The winners were those junior officers and NCOs who gained career-enhancing experience, special forces units and logistics specialists. Among the losers were defense contractors who require a steady stream of weapon programs to keep their lines open and their stock prices high. The low-end equipment demanded by the army and the Marines and endless supplies of ammunition and ordnance did not meet this criteria.

Further, the Iraq and Afghan campaigns closely followed the traditional model of colonial soldiering, despite the best efforts of think tanks and military bureaucrats to spin an endless series of ambushes and IEDs into ‘asymmetric warfare’ best countered by a ‘revolution in military affairs.’ For the combat troops the fighting was nasty, brutish and long and utterly devoid of theory.

With the flag barely folded in Baghdad and with the final convoys carrying the last US units to leave Iraq crossing into Kuwait, the debate over how to shape the military into the coming decades has moved beyond the technical and into the mainstream.

The ‘new’ doctrine focuses on the so-called Air-Sea Battle Concept (ASBC). In essence the ASBC is a reworking of traditional US preferences for an engineering solution to the geopolitical challenges facing its self-declared hegemony in those regions it views as within its spheres of interest and responsibility.

To ASBC’s proponents this means the Asia-Pacific, with an emphasis on the use of naval and air power to project US influence, support allies and raise the military and economic costs of any power that seeks to counter this doctrine.

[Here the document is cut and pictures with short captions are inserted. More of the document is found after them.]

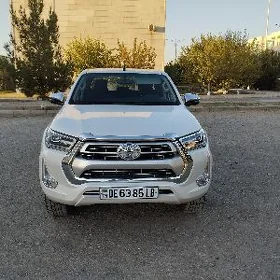 Toyota Hilux 2021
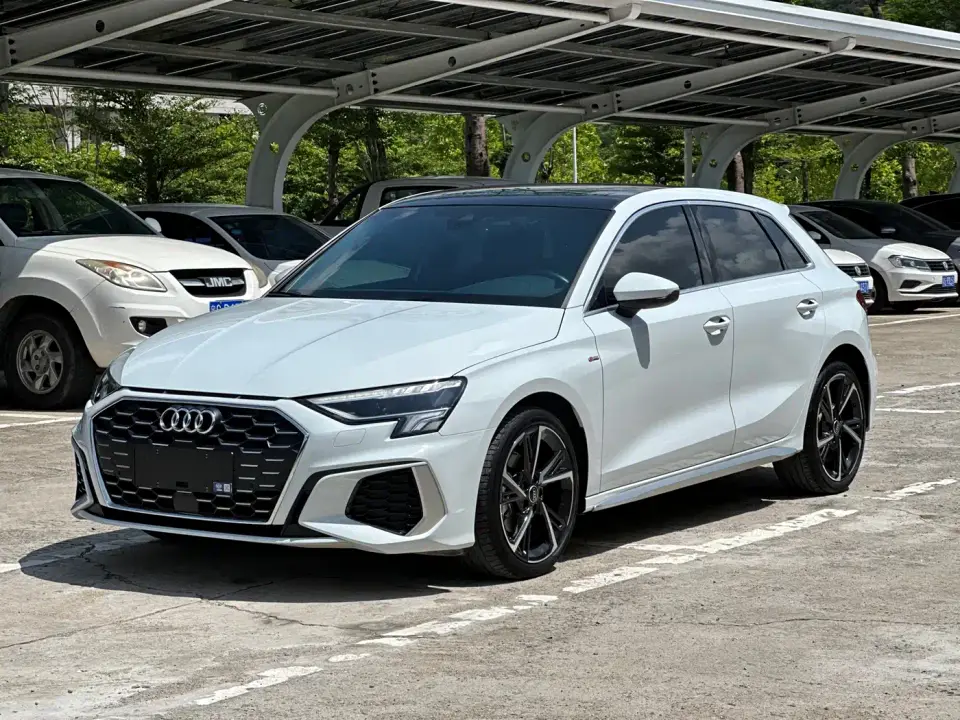 Audi A3 Facelift Sportback 35 TFSI Fashion Sport 2023
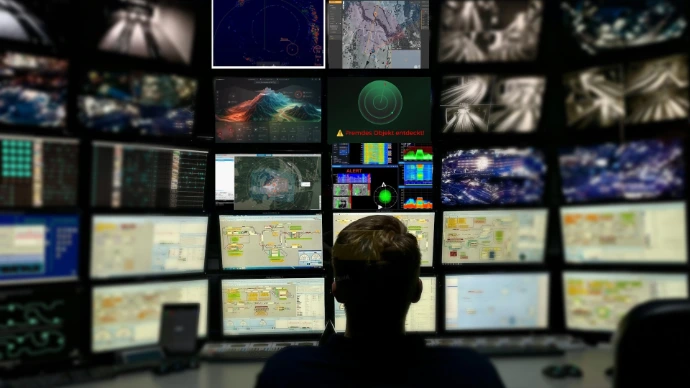 C2-Softwareplattform - mehrere Überwachungsmonitore in einem Leitstellenraum mit Live-Videoübertragung.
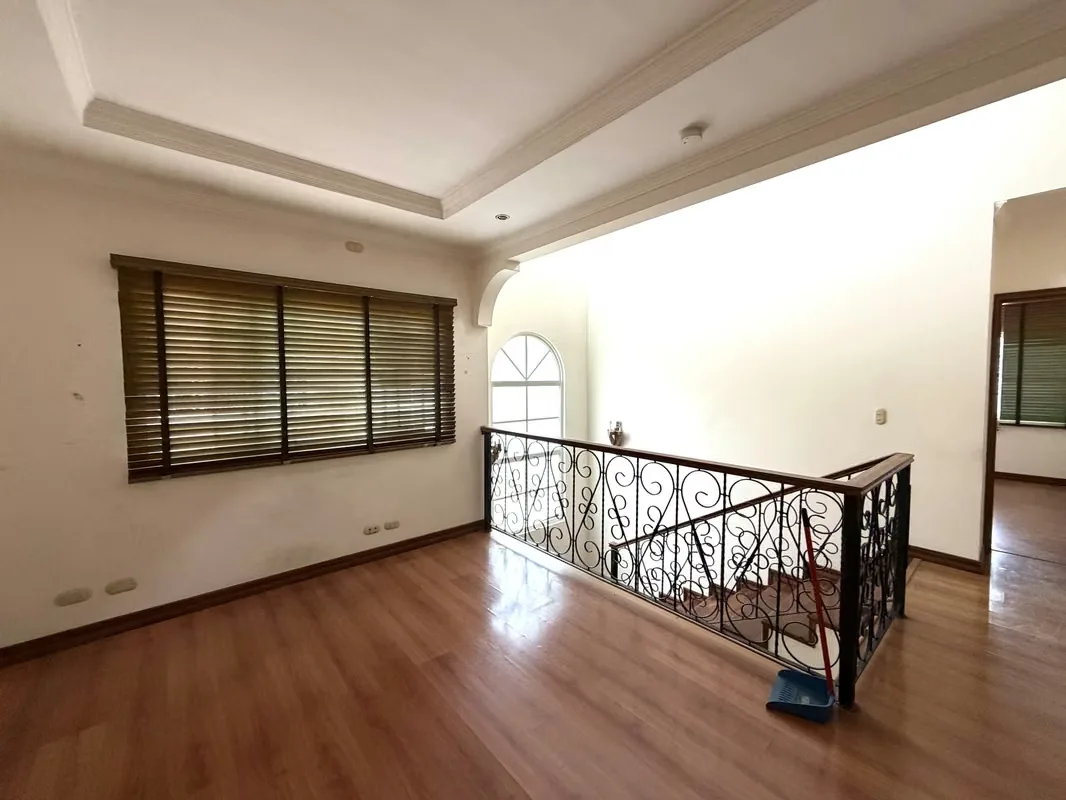HOUSE FOR SALE IN GATED COMMUNITY / CURRIDABAT / PINARES, photo 2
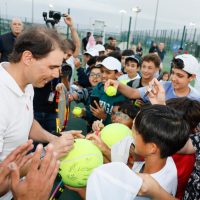 ¿Extraña jugar?: Rafael Nadal estuvo en una clínica de tenis para niños en Jeddah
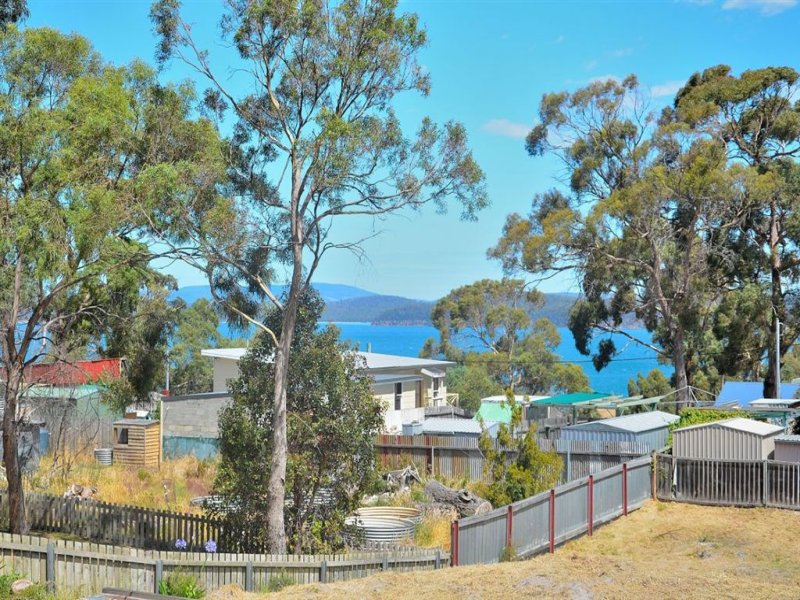 667 Primrose Sands Road, Primrose Sands, TAS 7173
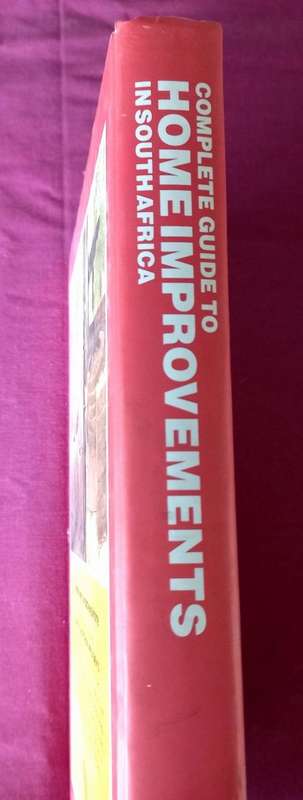 Reader`s Digest Complete Guide to Home Improvements - Hardcover - 448 pages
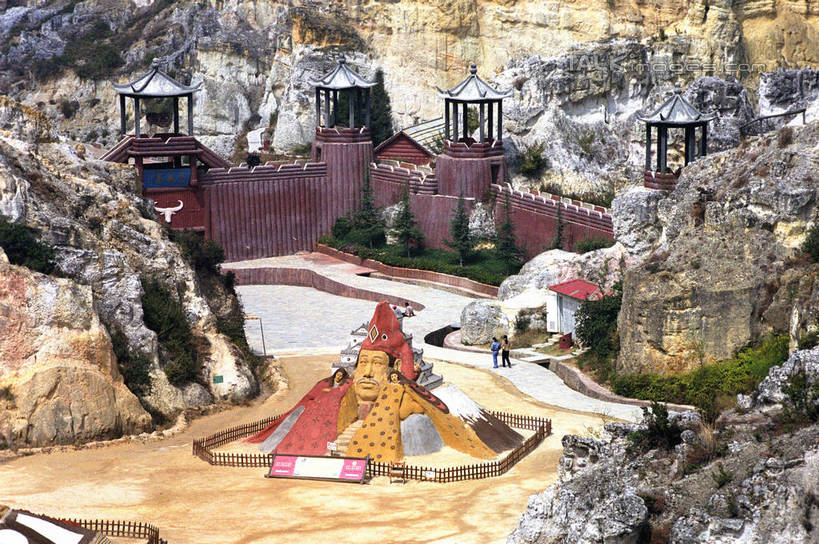 无人,横图,室外,白天,正面,旅游,度假,石头,美景,山,山脉,植物,昆明,中国,阴影,光线,石子,影子,景观,山顶,山峰,山峦,娱乐,云南,树,树木,绿色,阳光,自然,群山,享受,休闲,景色,放松,生长,成长,自然风光,昆明市,云南省,中华人民共和国,省会,西南地区,滇,颠峰,极峰,石块,彩图,宜良县,shzwj1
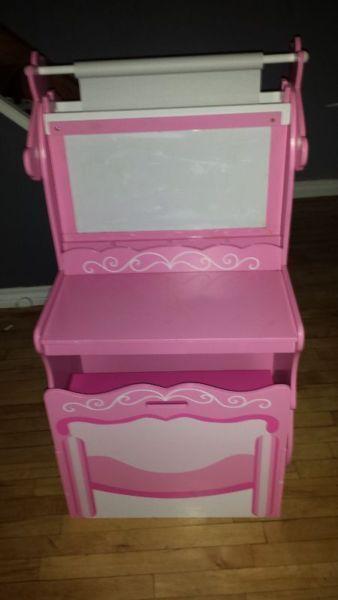 Girls easel with storage bench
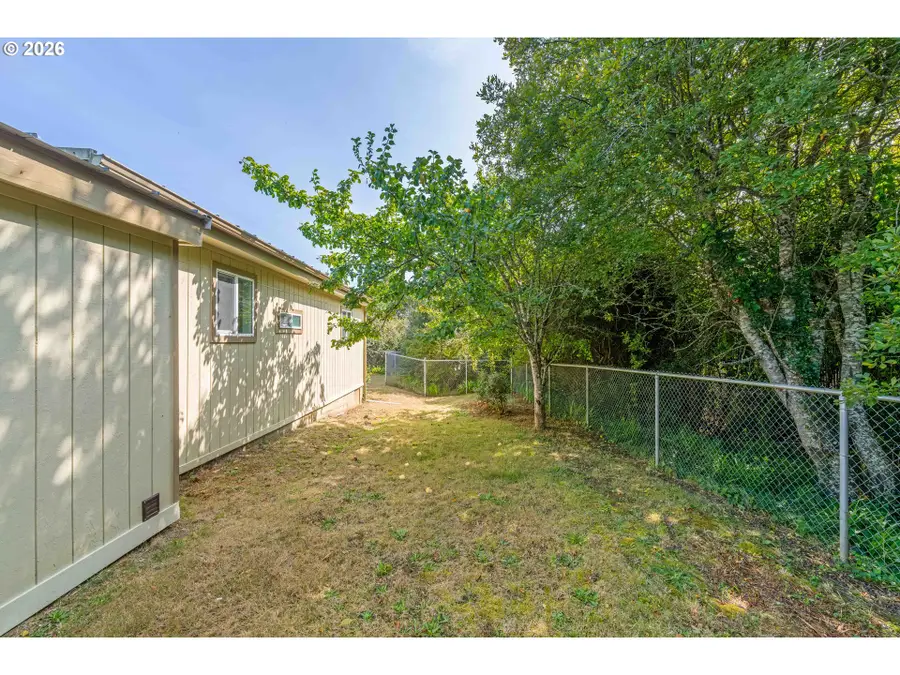 1771 Milligan Ave, Coos Bay, OR 97420 - #2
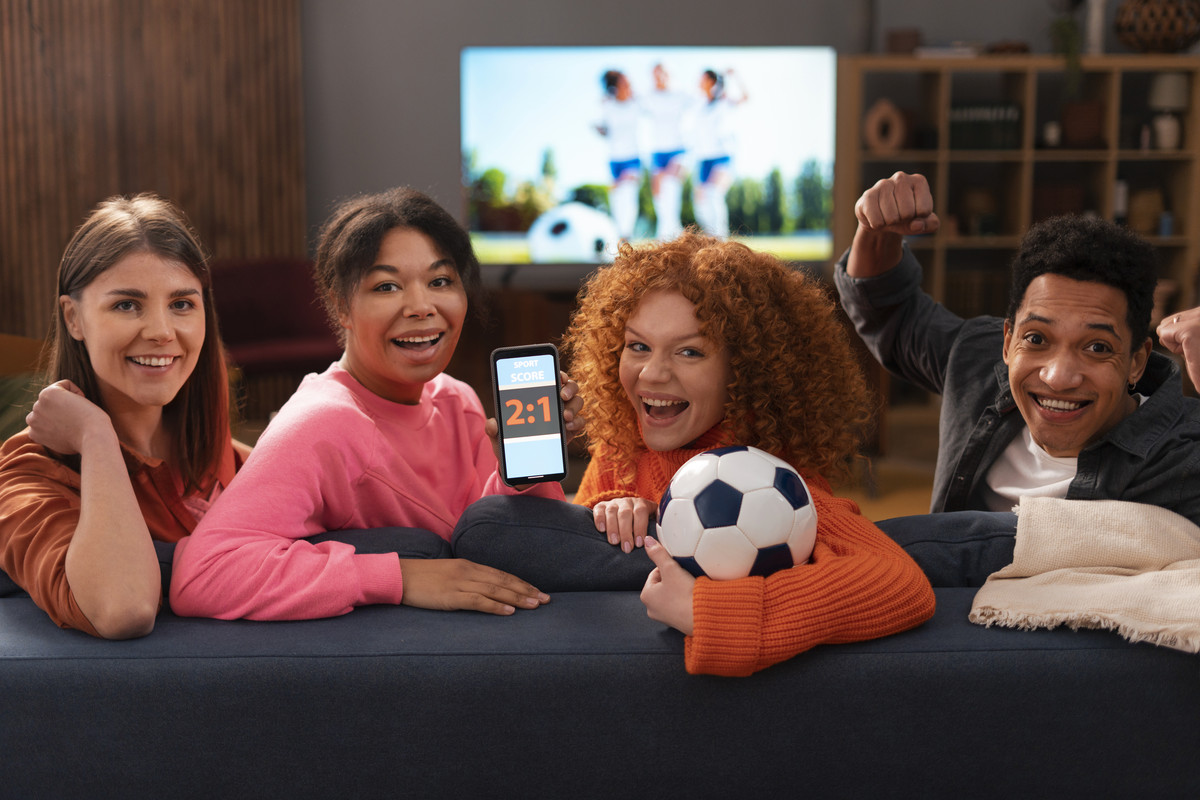 medium-shot-friends-spending-time-together-4.jpg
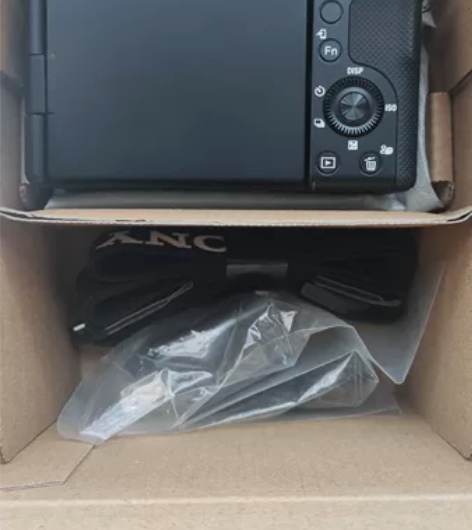 全新仅拆封 索尼ZV-E10 港版黑色单机...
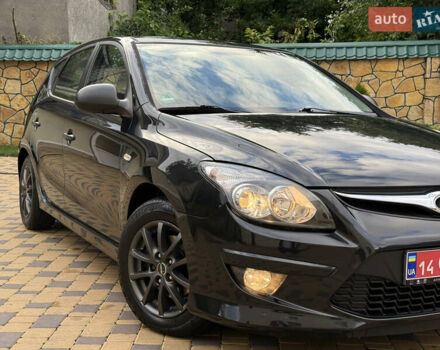 Чорний Хендай i30, об'ємом двигуна 1.4 л та пробігом 170 тис. км за 5950 $, фото 23 на Automoto.ua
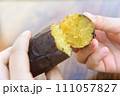 焼き芋を持つ手 111057827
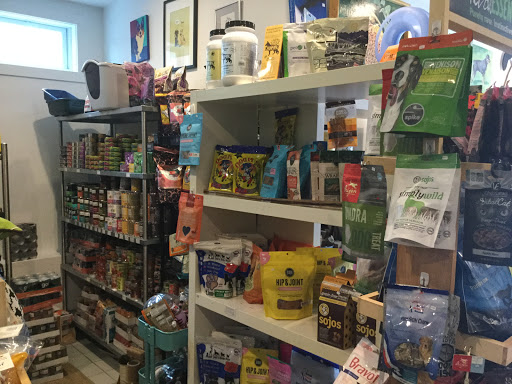 Pet Supply Store «Island Animal», reviews and photos, 35 Narragansett Ave, Jamestown, RI 02835, USA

To its detractors the ASBC offers an opportunity to restock and upgrade the Navy and Air Force at the expense of the Army, giving the US dominance offshore and overhead but less able to influence events on the ground.

Politically, a reduction in the US military’s expeditionary capabilities will also appeal to those in Washington who believe reducing the ground forces’ means to intervene in bloody, costly, almost certainly inconclusive and ultimately unpopular conflicts will therefore limit their likelihood.

Costs and risks

However, the price of moving away from a defense policy based on the ability to fight anywhere to one perceived to be focused on a specific geographical region is the potential for conflict in that area increases as nations who consider themselves as the target – China in the case of ASBC -- seek to counter the altered relationship.

In Beijing, Washington’s renewed interest in the Western Pacific and Southeast Asia will almost certainly be used to justify further defense expenditure and stepped-up diplomatic efforts to erode US influence where possible. This may well suit those US policymakers keen to reprise the cold war strategy of forcing the Soviet Union to divert scarce resources into non-productive armaments rather than consumer goods in order to undermine the state’s popularity and legitimacy.

Such a strategy, if even considered, would produce very different results in modern China as it would empower resource-hungry military and state interests and no doubt feed nationalist sentiments rather than raise widespread opposition to such spending priorities.

Any reversion to a naval and air force-centric ‘Pacific First’ strategy will not necessarily lead the US and China to square off at myriad points across the region. However, what is probable is that the potential for confrontation will increase if ASBC moves from theory into practice and results in a build-up of US naval and air forces – and perhaps more crucially those of its allies equipped with modern arms and supported by treaty obligations - on the periphery of what China considers its historical boundaries.

Unless the management of even the most seemingly trivial incidents involving any of these forces is built into the new doctrine, an otherwise glancing encounter over a remote atoll or reef might well serve as the detonator for events that could swiftly move beyond the control of local commanders and trigger a crisis neither side can easily contain.

(Gavin Greenwood is an analyst with the Hong Kong-based Allan & Associates security risk management consultancy.)